«Gritan con poder la ira de su fe, y cuando el eco de su propia voz se les devuelve, la violencia que justifican con versículos deja de ser un derecho y la convierten en un crimen».
Un ensayo sobre el volumen espiritual y sus consecuencias acústicas.
La fe, en teoría, debería ser un susurro.
Una conversación íntima entre el alma y lo invisible.
Hoy la fe no se practica, se proclama.
Se grita desde púlpitos, desde timelines, desde tarimas donde el ego se disfraza de iluminación.
Y claro, cuando se grita con tanta fuerza, el universo responde.
No con aplausos.
Con sangre.
Porque el eco no tiene intención.
No juzga, no castiga, no bendice.
Solo devuelve.
Y si lo que se lanza al mundo es odio disfrazado de fe, lo que regresa es violencia sin disfraz.

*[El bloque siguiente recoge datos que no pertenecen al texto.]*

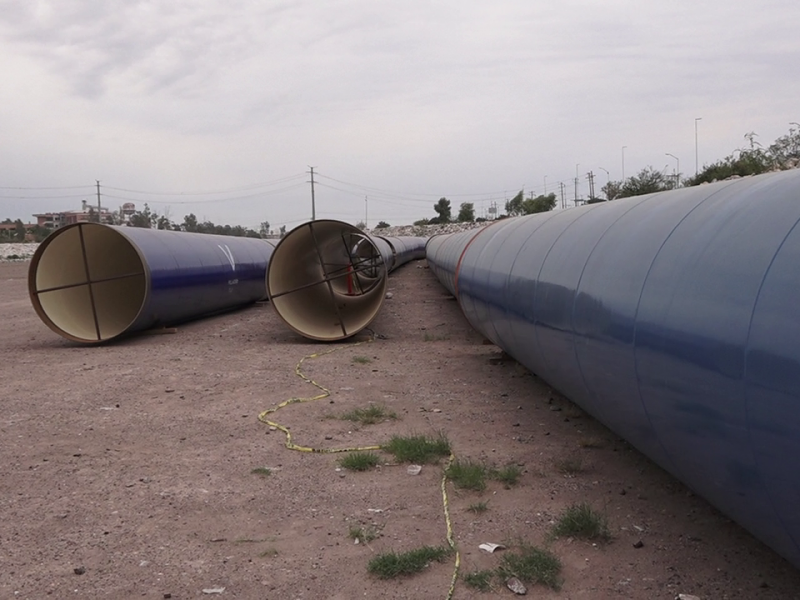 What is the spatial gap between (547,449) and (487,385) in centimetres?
250

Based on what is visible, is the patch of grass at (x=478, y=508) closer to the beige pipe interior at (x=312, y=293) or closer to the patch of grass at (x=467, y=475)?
the patch of grass at (x=467, y=475)

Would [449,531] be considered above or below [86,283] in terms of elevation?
below

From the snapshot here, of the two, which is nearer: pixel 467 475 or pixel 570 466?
pixel 467 475

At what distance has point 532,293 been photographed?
6.39 metres

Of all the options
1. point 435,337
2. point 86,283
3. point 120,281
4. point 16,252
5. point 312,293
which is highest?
point 16,252

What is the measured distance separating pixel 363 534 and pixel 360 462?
123cm

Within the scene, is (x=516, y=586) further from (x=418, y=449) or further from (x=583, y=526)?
(x=418, y=449)

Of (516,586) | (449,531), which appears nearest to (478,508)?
(449,531)

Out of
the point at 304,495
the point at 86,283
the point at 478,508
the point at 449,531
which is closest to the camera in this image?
the point at 449,531

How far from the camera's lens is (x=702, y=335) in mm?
3174

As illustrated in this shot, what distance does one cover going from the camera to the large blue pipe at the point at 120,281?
39.9ft

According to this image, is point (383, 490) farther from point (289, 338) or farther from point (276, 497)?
point (289, 338)

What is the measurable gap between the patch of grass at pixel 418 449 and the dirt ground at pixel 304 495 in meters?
0.14

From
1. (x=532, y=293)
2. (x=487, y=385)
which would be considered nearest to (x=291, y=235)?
(x=487, y=385)
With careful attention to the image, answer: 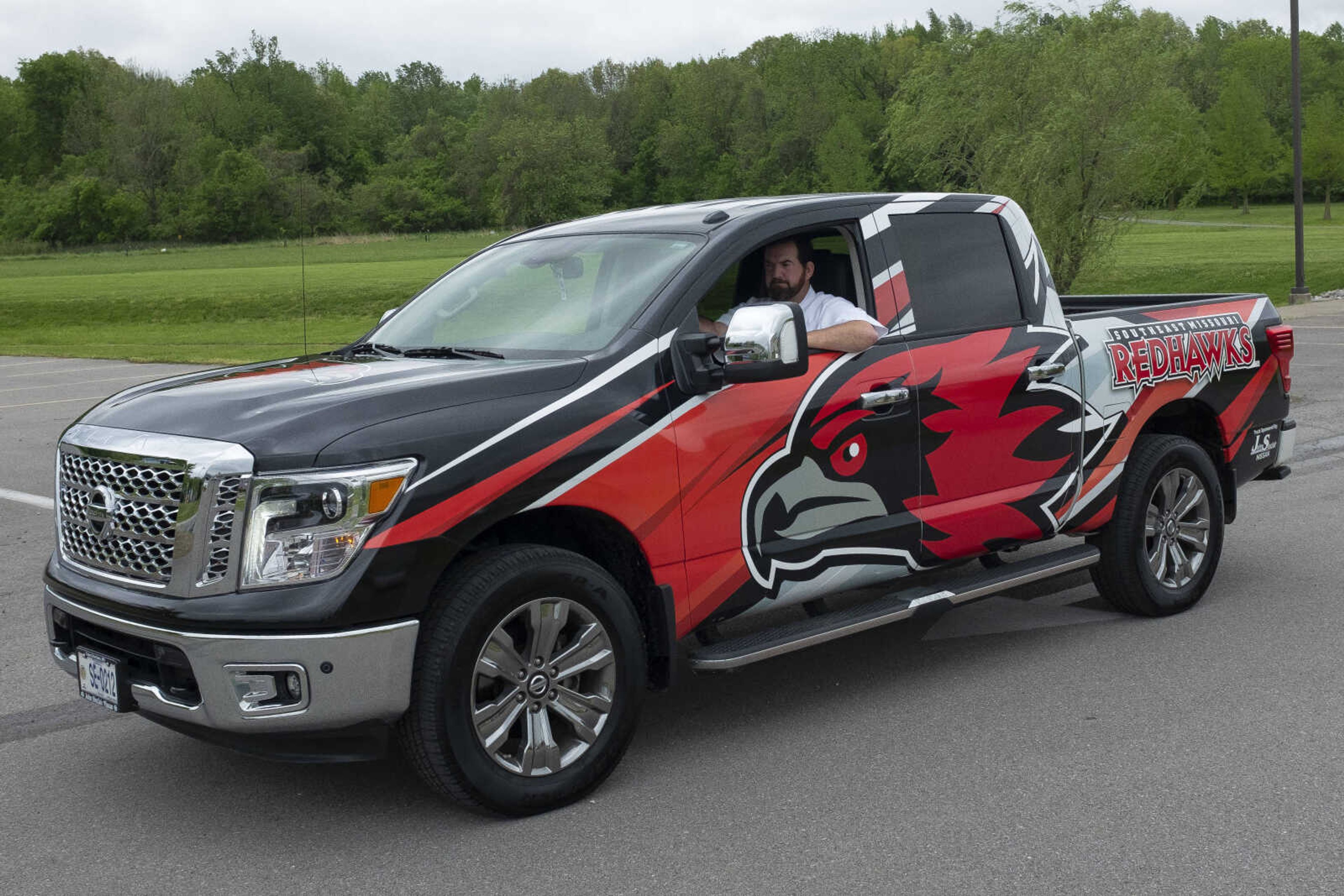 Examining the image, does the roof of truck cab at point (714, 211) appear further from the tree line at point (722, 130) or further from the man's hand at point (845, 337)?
the tree line at point (722, 130)

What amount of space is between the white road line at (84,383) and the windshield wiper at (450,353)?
16.4 meters

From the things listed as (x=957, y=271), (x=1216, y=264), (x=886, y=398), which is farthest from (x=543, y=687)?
(x=1216, y=264)

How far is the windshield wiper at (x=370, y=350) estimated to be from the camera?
5.29m

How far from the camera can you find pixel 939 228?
5.73 m

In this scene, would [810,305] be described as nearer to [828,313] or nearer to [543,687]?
[828,313]

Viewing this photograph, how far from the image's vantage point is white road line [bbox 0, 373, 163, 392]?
2045 cm

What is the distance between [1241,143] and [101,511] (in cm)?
10067

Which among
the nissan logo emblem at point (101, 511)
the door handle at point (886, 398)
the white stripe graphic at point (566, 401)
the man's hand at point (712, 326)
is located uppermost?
the man's hand at point (712, 326)

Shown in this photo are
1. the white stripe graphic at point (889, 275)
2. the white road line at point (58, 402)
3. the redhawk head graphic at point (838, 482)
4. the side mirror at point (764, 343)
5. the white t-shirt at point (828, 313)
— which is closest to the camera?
the side mirror at point (764, 343)

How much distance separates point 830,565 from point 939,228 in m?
1.56

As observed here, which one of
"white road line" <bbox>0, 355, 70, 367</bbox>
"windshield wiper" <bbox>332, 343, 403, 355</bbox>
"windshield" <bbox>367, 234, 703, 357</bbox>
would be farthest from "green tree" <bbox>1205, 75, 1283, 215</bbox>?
"windshield wiper" <bbox>332, 343, 403, 355</bbox>

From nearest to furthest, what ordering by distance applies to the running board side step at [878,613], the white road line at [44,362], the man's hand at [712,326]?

🙄 El creyente vociferante.
Hay creyentes que no creen, solo gritan.
No buscan conexión, buscan dominación.
Su dios no escucha, ordena.
Y su espiritualidad no sana, impone.
Gritan su fe como quien lanza piedras.
Y cuando el eco les devuelve una piedra ensangrentada, se indignan. La violencia que promulgan con versículos deja de ser un derecho, una visión divina y pasa a convertirse entonces en un crimen.
“¡Persecución!”, dicen.
“¡Ataque a la libertad religiosa!”, gritan.
Pero no es persecución.
Es física básica.
Es karma acústico.
🧠 El eco como espejo moral.
El eco no tiene ideología.
No le importa tu biblia, tu mantra, tu código sagrado.
Solo le importa el tono.
Y si el tono es agresivo, el eco devuelve agresión.

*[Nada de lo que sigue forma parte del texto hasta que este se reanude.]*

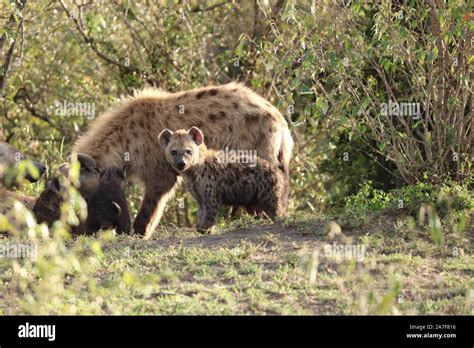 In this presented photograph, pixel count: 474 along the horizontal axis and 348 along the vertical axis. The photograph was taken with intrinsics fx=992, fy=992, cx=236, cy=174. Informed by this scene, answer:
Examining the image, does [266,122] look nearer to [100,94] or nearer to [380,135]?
[380,135]

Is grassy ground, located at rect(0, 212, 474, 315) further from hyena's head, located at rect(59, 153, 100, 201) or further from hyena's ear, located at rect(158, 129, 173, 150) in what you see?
hyena's head, located at rect(59, 153, 100, 201)

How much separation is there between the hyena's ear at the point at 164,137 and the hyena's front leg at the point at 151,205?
0.45m

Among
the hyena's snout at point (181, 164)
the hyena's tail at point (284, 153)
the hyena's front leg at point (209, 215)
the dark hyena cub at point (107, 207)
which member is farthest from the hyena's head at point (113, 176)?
the hyena's tail at point (284, 153)

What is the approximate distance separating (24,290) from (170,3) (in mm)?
5085

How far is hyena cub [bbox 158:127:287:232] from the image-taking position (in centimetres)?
746

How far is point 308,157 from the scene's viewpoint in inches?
406

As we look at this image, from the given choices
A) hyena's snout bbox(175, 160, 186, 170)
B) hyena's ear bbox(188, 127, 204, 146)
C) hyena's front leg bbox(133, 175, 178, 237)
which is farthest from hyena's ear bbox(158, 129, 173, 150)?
hyena's front leg bbox(133, 175, 178, 237)

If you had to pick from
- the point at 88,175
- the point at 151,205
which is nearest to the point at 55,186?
the point at 88,175

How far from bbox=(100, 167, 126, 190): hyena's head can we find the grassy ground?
0.61 m

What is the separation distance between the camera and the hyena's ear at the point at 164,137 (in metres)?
7.55

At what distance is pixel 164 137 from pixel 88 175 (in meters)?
0.77

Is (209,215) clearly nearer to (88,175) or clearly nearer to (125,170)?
(125,170) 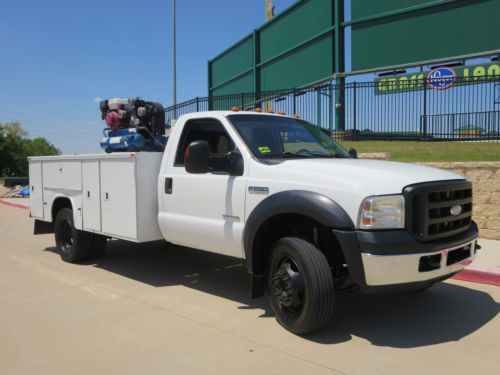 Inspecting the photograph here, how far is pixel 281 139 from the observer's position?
17.2ft

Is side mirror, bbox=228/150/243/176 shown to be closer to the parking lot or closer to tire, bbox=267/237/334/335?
tire, bbox=267/237/334/335

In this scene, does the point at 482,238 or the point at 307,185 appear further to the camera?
the point at 482,238

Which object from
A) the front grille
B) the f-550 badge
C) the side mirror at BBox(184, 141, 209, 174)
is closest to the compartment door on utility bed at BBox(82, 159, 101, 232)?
the side mirror at BBox(184, 141, 209, 174)

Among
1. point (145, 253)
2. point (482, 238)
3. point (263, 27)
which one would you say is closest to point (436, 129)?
point (482, 238)

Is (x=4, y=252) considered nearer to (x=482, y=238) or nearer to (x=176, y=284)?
(x=176, y=284)

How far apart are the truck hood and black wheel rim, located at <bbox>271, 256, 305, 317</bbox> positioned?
0.78m

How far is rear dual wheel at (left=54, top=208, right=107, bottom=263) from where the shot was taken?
7078 millimetres

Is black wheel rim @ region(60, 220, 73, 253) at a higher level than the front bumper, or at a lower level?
lower

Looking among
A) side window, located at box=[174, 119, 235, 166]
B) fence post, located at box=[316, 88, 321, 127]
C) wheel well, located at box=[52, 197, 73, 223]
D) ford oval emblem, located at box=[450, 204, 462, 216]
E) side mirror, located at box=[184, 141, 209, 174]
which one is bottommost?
wheel well, located at box=[52, 197, 73, 223]

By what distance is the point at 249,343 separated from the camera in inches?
159

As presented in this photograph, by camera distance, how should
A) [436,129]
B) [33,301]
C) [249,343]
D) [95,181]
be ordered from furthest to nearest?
[436,129] < [95,181] < [33,301] < [249,343]

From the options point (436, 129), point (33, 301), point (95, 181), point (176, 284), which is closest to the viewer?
point (33, 301)

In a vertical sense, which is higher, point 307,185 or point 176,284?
point 307,185

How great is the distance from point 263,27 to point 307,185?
24.4 meters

Si el tono es violento, el eco devuelve sangre.
Y si el tono es arrogante, el eco devuelve vergüenza.
Así que cuando la fe grita, no esperes que el universo te aplauda.
Es más probable que te devuelva lo que realmente dijiste, no lo que creíste decir.
Y ahí, en ese retorno, la fe deja de ser virtud.
Y empieza a parecer crimen.
🩸 Conclusión: el volumen de la fe no salva
Creer no es gritar.
Gritar no es sanar.
Y escupir convicciones no es iluminar.
Porque cuando la fe grita, el eco devuelve sangre.
Y esa sangre no siempre es simbólica.
A veces es literal.
A veces es tuya.
A veces es de los que no tuvieron opción de cubrirse los oídos.
“El fanático no pierde los valores… los recicla y muchas veces, como armas. La lengua entre ellas.”